Configure container health checks for worker pools

You can configure HTTP, TCP, and gRPC startup probes, along with HTTP and gRPC liveness probes for new and existing Cloud Run worker pools. The configuration varies depending on the type of probe.

Use cases

You can configure two types of health check probes:

Liveness probes determine whether to restart a container.
- Restarting a container in this case can increase worker pool availability in the event of bugs.
- Liveness probes are intended to restart individual instances that can't be recovered in any other way. They should be used primarily for unrecoverable instance failures, for example, to catch a deadlock where a worker pool is running, but unable to make progress. You can require a liveness probe for every container by using custom organization policies.
Startup probes determine whether the container has started.
- When you configure a startup probe, liveness checks are disabled until the startup probe determines that the container is started, to prevent interference with the worker pool startup.
- Startup probes are especially useful if you use liveness checks on slow starting containers, because it prevents them from being shut down prematurely before the containers are up and running.

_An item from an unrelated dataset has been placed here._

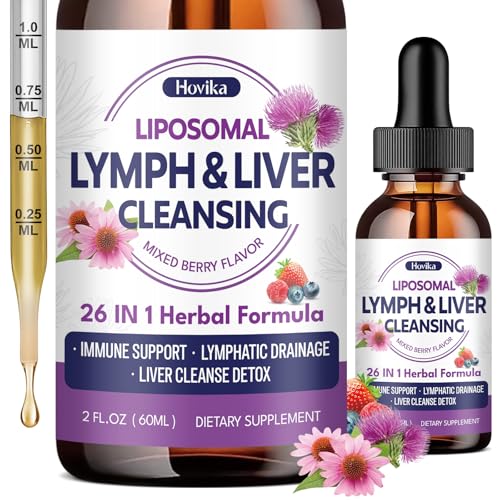 Liposomal Lymphatic Drainage Drops, 26 in 1 Liver Cleanse Detox & Repair with Milk Thistle, Echinacea, Glutathione, Vitamins, Lymph-Liver Cleanse, Gut & Metabolic Health - Mixed Berry Flavor, 2 Fl Oz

Note that when a worker pool experiences repeated startup or liveness probe failures, Cloud Run prevents uncontrolled crash loops by limiting instance restarts to prevent.

CPU allocation

CPU is always allocated when probes run.
All probes are billed for CPU and memory usage consumption.

Probe requirements and behavior

Probe Type	Requirements	Behavior
TCP startup	None	If specified, Cloud Run makes a TCP connection to open the TCP Socket on the specified port. If Cloud Run is unable to establish a connection, it indicates a failure. If a startup probe does not succeed within the specified time, Cloud Run shuts down the container. The time is a maximum of 240 seconds, calculated as `failureThreshold` * `periodSeconds`, which you set when configuring the startup probe for the worker pool.
HTTP startup	Create an HTTP health check endpoint Use HTTP/1	After probe configuration, Cloud Run makes an HTTP GET request to the worker pool health check endpoint (for example, `/ready`). Any response between `200` and `400` is a success, everything else indicates failure. If a startup probe does not succeed within the specified time (`failureThreshold` * `periodSeconds`), which cannot exceed 240 seconds, Cloud Run shuts down the container. If the HTTP startup probe succeeds within the specified time, and you have configured an HTTP liveness probe, Cloud Run starts the HTTP liveness probe.
HTTP liveness	Create an HTTP health check endpoint Use HTTP/1	The liveness probe starts only after the startup probe is successful. After probe configuration, and any startup probe is successful, Cloud Run makes an HTTP GET request to the health check endpoint (for example, `/health`). Any response between `200` and `400` is a success, everything else indicates failure. If a liveness probe does not succeed within the specified time (`failureThreshold` * `periodSeconds`), Cloud Run shuts down the container using a `SIGKILL` signal. Any remaining requests that were still being served by the container are terminated with the HTTP status code `503`. After Cloud Run shuts down the container, Cloud Run autoscaling starts up a new container instance.
gRPC startup	Implement the gRPC Health Checking protocol in your Cloud Run worker pool	If a startup probe does not succeed within the specified time (`failureThreshold` * `periodSeconds`), which cannot exceed 240 seconds, Cloud Run shuts down the container.
gRPC liveness	Implement the gRPC Health Checking protocol in your Cloud Run worker pool	If you configure a gRPC startup probe, the liveness probe starts only after the startup probe is successful. After the liveness probe is configured, and any startup probe is successful, Cloud Run makes a health check request to the worker pool. If a liveness probe does not succeed within the specified time (`failureThreshold` * `periodSeconds`), Cloud Run shuts down the container using a `SIGKILL` signal. After Cloud Run shuts down the container, Cloud Run autoscaling starts up a new container instance.

Configure probes

Any configuration change leads to the creation of a new revision. Subsequent revisions will also automatically get this configuration setting unless you make explicit updates to change it.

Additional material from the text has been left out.